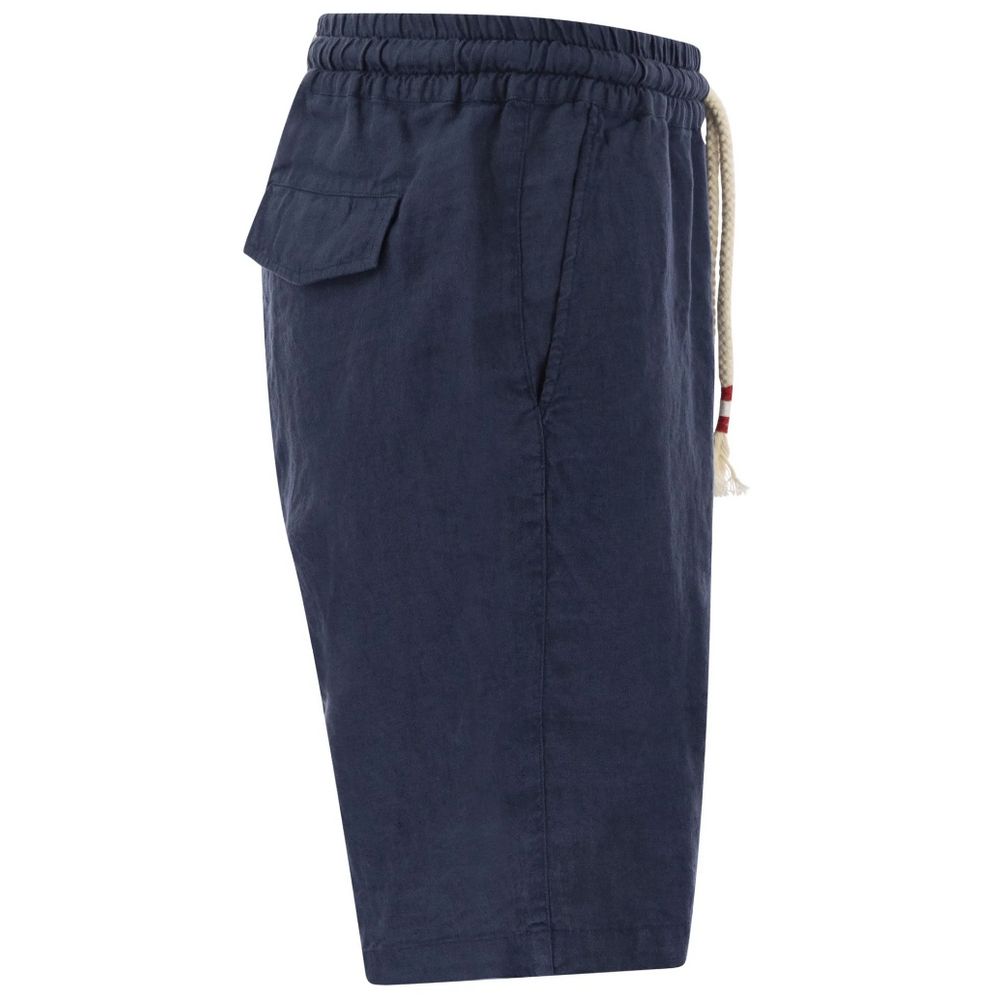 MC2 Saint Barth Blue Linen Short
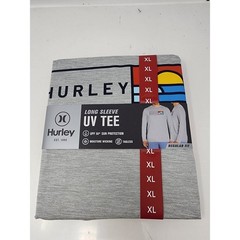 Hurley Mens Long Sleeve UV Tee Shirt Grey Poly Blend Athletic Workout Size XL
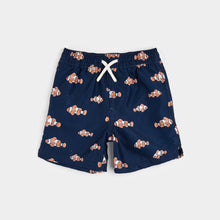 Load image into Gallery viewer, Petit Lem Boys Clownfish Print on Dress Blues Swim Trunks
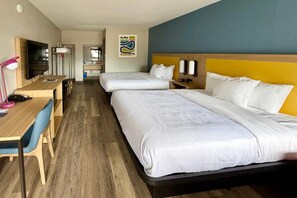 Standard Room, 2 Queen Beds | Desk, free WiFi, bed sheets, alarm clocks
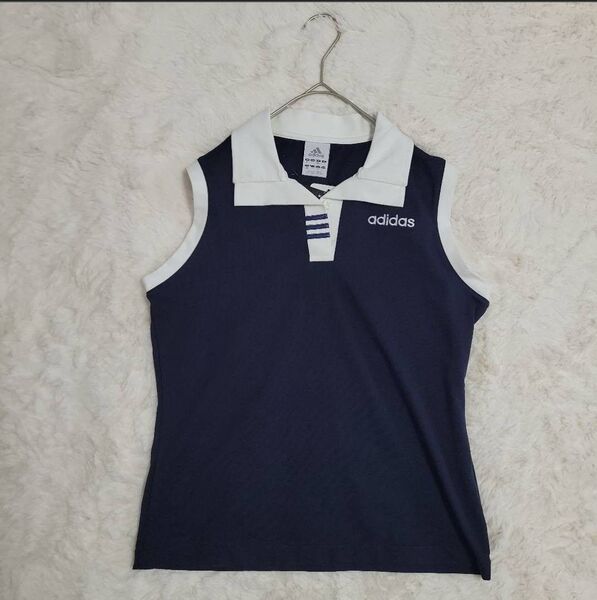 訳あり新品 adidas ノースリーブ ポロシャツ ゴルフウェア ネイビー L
--
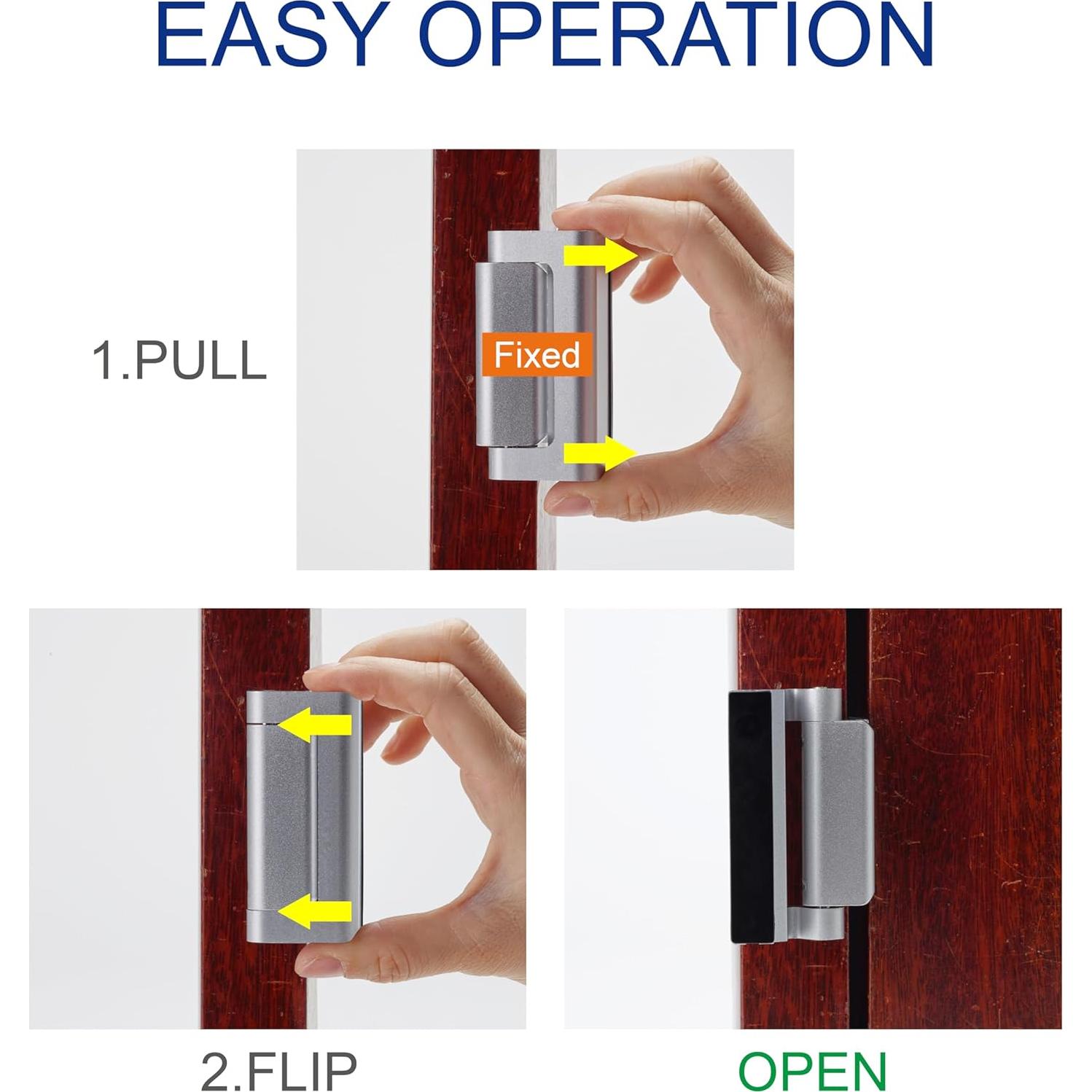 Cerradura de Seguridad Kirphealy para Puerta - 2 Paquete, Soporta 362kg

Work instructions: The material above holds pictures; leave them out and set down exactly the lines from the line with "Hurley Mens Long" to the line with "訳あり新品 adidas ノースリーブ ポロシャツ ゴルフウェア ネイビー L", both included.

Written answer:
 Hurley Mens Long Sleeve UV Tee Shirt Grey Poly Blend Athletic Workout Size XL
 Load image into Gallery viewer, Petit Lem Boys Clownfish Print on Dress Blues Swim Trunks
 Standard Room, 2 Queen Beds | Desk, free WiFi, bed sheets, alarm clocks
 訳あり新品 adidas ノースリーブ ポロシャツ ゴルフウェア ネイビー L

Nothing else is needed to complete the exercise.